Conversely, users who set up Fedora as a server OS are unlikely to see the invitation to submit data, and Spevack says that means "the current Smolt statistics are probably a very good picture of what desktop installs of Fedora 7 look like."

So what do desktop installs of Fedora 7 look like? According to the data, nearly 60% of the more than 82,000 registered systems are recognized as desktop systems, and 21% of systems are laptops. There are a lot of unknown systems, with about 20% unrecognized, and only 0.7% of the systems are registered as servers.

Fully 8% of users are running Fedora under VMware, according to the vendor page, making it the top-ranking recognized vendor. "System manufacturer" actually clocks in first, but VMware leads the pack of recognized vendors, followed by Hewlett-Packard (5.7%) and IBM (2.7%), while Apple lags with only 0.3% of recognized systems.
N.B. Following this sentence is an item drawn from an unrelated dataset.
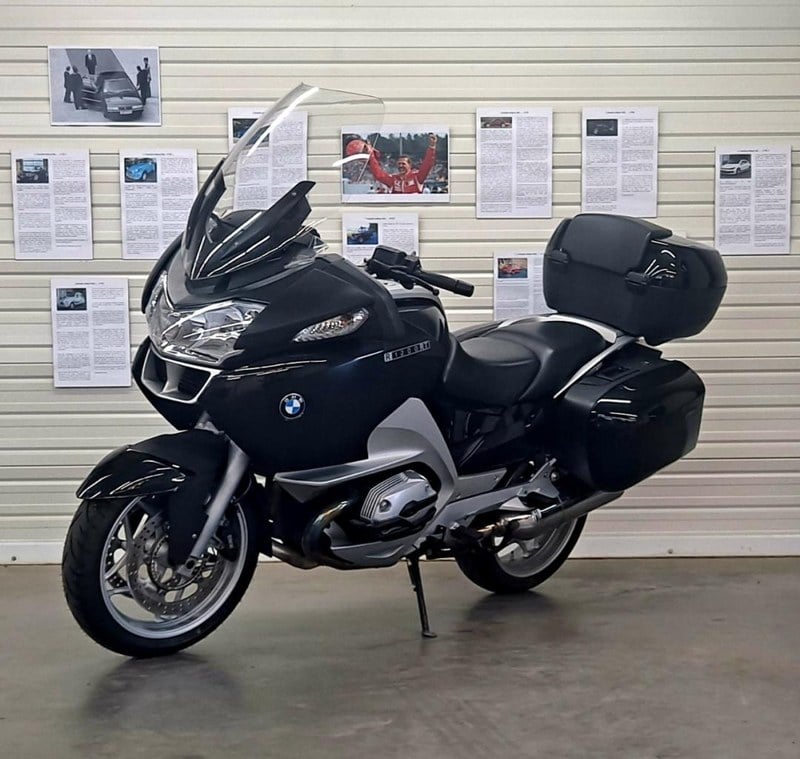 2009 BMW R1200RT - 1 2009 BMW R1200RT - 1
ATI, just barely, leads the pack for video cards, with 41.1% of systems tallied, versus 40.1% of systems that include Nvidia cards. The math is a bit suspect, however, as the next leading vendor, Intel, has 23.8% of the registered systems, VMware shows up with 8.1%, Via Technologies pulls in 2.3%, and several other vendors show up as well for a total of more than 100 percent of systems. Some users may be running systems with multiple video cards, however, which could explain why we see more video cards than systems.

How stats are gathered

How reliable are Fedora's numbers? The project's methods aren't going to gather a perfect picture, but they're reliable enough to get a reasonable ballpark figure. Spevack says that the project looks at "connections that are being made to the 'updates' repository for Fedora," which indicates which version of Fedora is being used and the IP address the system is connecting from.

Spevack acknowledges that this isn't perfect. "Dynamic IP addresses are likely to be counted twice, and things like proxies are likely to make large corporate installations of Fedora look like a single IP address ... but the numbers we get out of this examination give us a decent ballpark."
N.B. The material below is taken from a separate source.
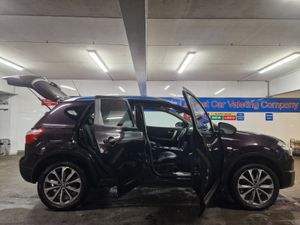 QASHQAI N-TEC , ,PAN ROOF, LEATHER, 2 YR WARRANTY - Image 2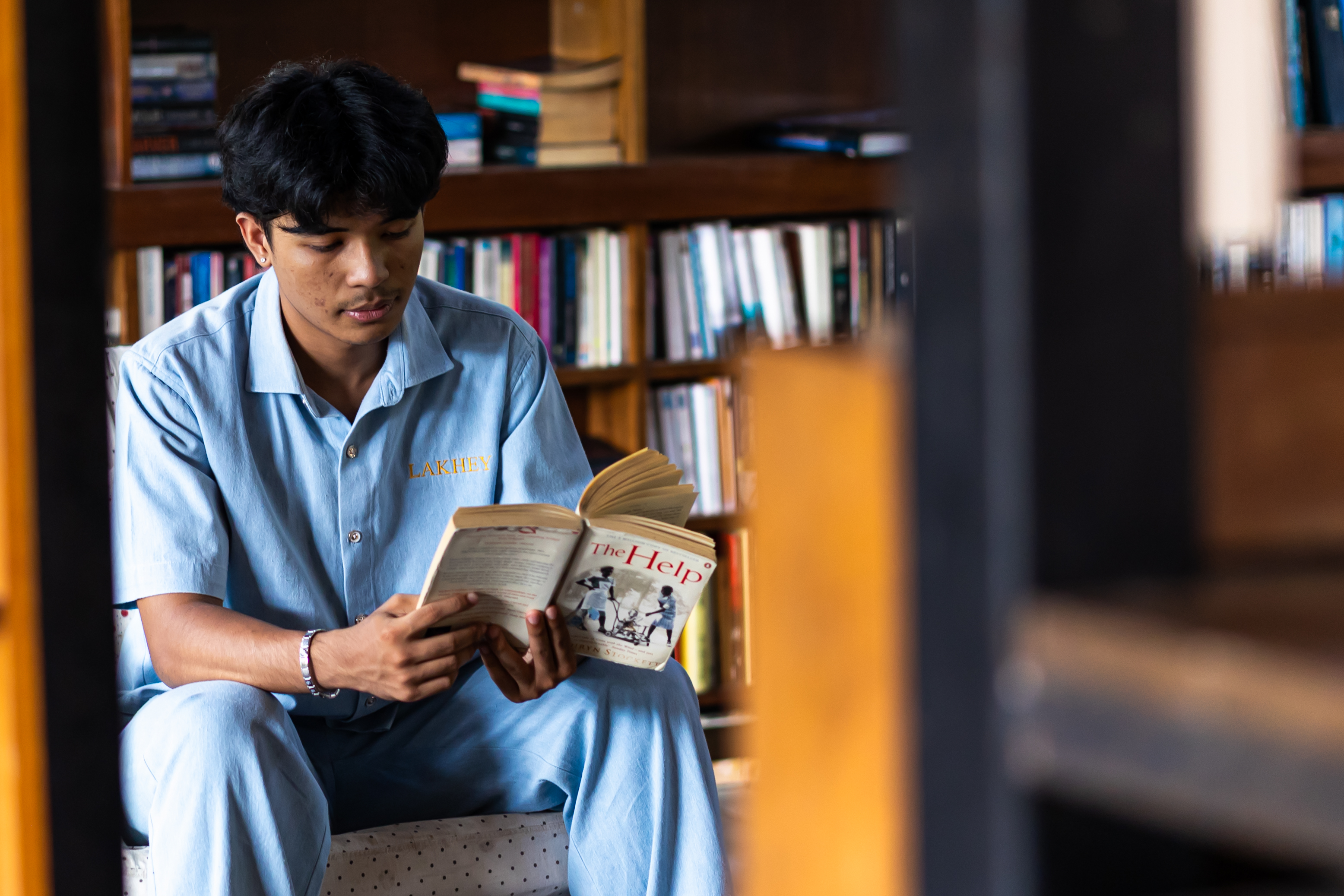 Phuket, Thailand - Where Lakhey began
He also notes that the caveats are indicated on the stats page so that readers are well aware of the methods used and their flaws -- something other distros may not do. "I see a lot of talk about different distributions having install bases in the 'millions of users,' but not a lot of talk (outside of Fedora) about where those numbers come from. We try to present our data, warts and all, without forcing people to ask for the extra detail."

Other interesting tidbits

The project also gathers stats on BitTorrent downloads, which indicate that about 75% of the downloads are the Fedora DVD, with about 25% of the downloads split between the GNOME and KDE live CDs. GNOME fans outnumber KDE fans, at least as far as being consumers of the live CDs, with 60% of users opting for GNOME and 40% opting for KDE.

Right now, the project doesn't have a totally clear picture of whether its "average" user is deploying Fedora as a desktop system or server OS. Spevack says it's "safe to assume" that live CD users are probably using Fedora as a desktop, while DVD installs could be used for servers or desktop installs. "So that's a long way of saying we have a pretty healthy mix."

The Mugshot project also gathers data on popular applications. The data is actually related to how often applications are used, and not just by what apps are installed. According to Mugshot's application statistics page, Firefox leads the pack, followed closely by GNOME Terminal, Nautilus, Evolution, Evince, gedit, Thunderbird, and Totem.

With any luck, other distros will follow Fedora's lead in gathering data from users to help further improve Linux and determine where and how Linux is, and isn't, being used.